▶ Task to carry out: Transcribe every line from the one containing "Boîtier TV intelligent" to the end of the listing, exactly as written, and leave out the pictures.

▶ Given information:
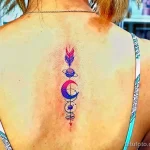 Минимализм тату женские 19.04.22 №0009 - Minimalism tattoo for women tatufoto.com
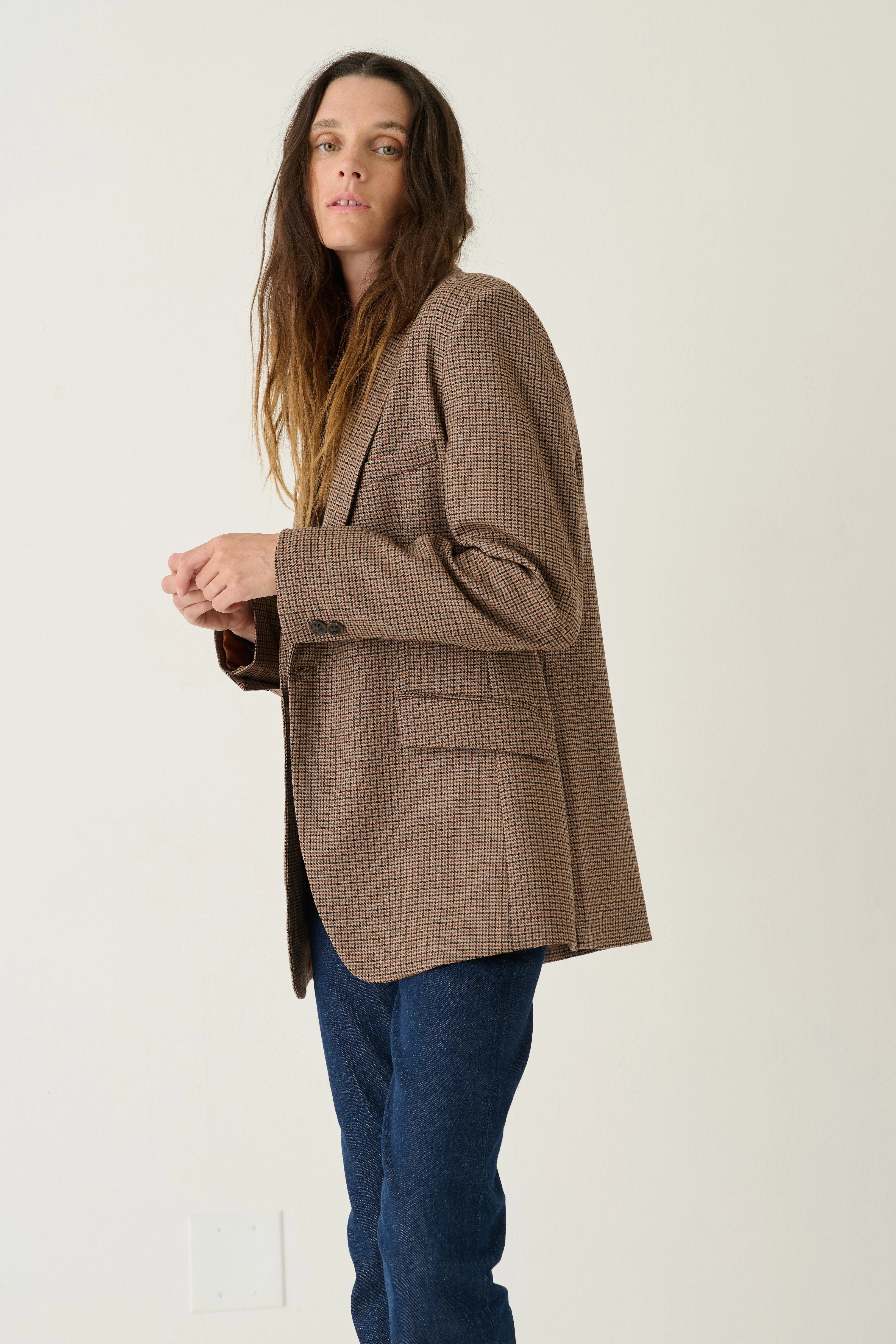 The Julius Blazer in Houndstooth sold by Jamie Haller product image thumbnail 4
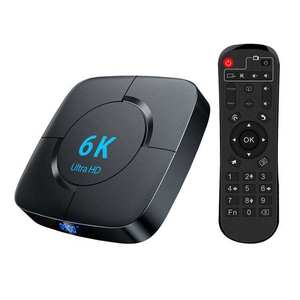Boîtier TV intelligent H618 avec Android <span class=keywords><strong>12</strong></span> Quad Core 2+8 Go de <span class=keywords><strong>ROM</strong></span>, 6K Transpeed, H618 TV Box - Product Image 1
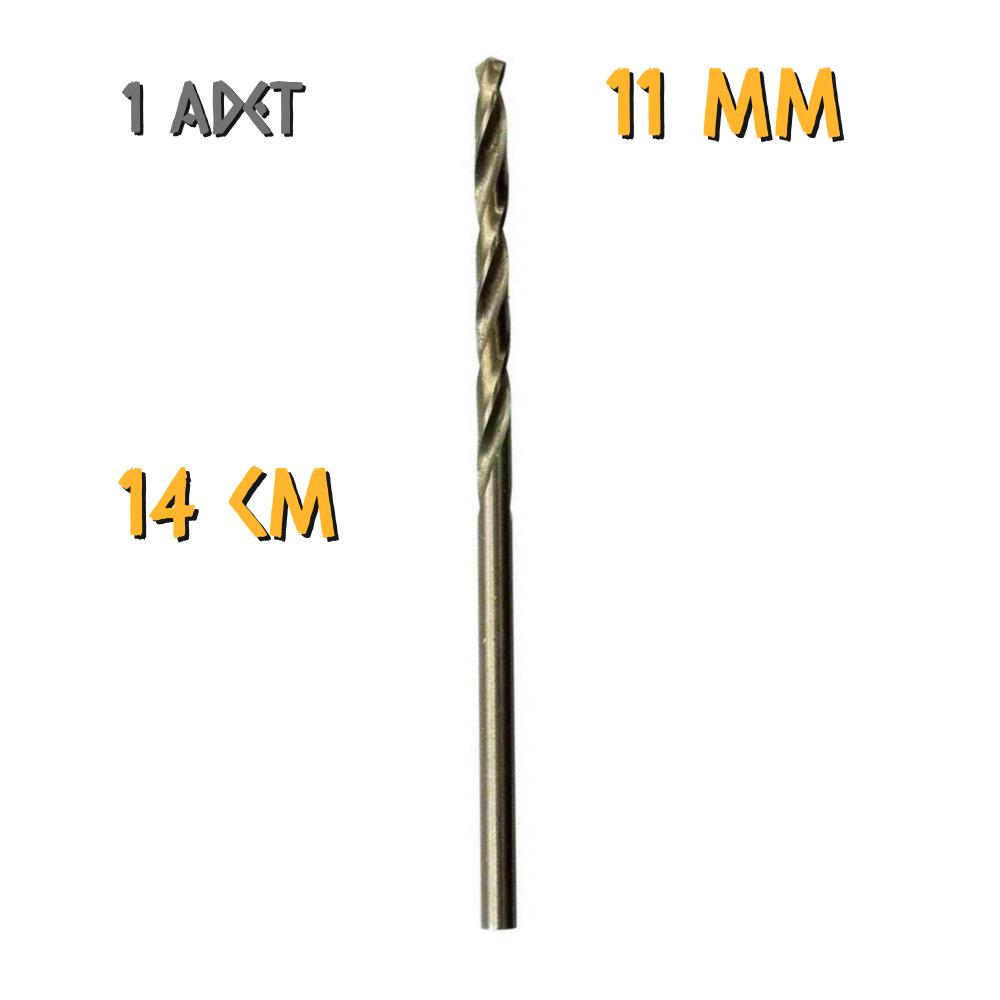 Kupa Tyson Metal Ahşap Delici HSS Matkap Ucu 11.0 mm. - 1 Adet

▶ Expected answer:
Boîtier TV intelligent H618 avec Android <span class=keywords><strong>12</strong></span> Quad Core 2+8 Go de <span class=keywords><strong>ROM</strong></span>, 6K Transpeed, H618 TV Box - Product Image 1
 Kupa Tyson Metal Ahşap Delici HSS Matkap Ucu 11.0 mm. - 1 Adet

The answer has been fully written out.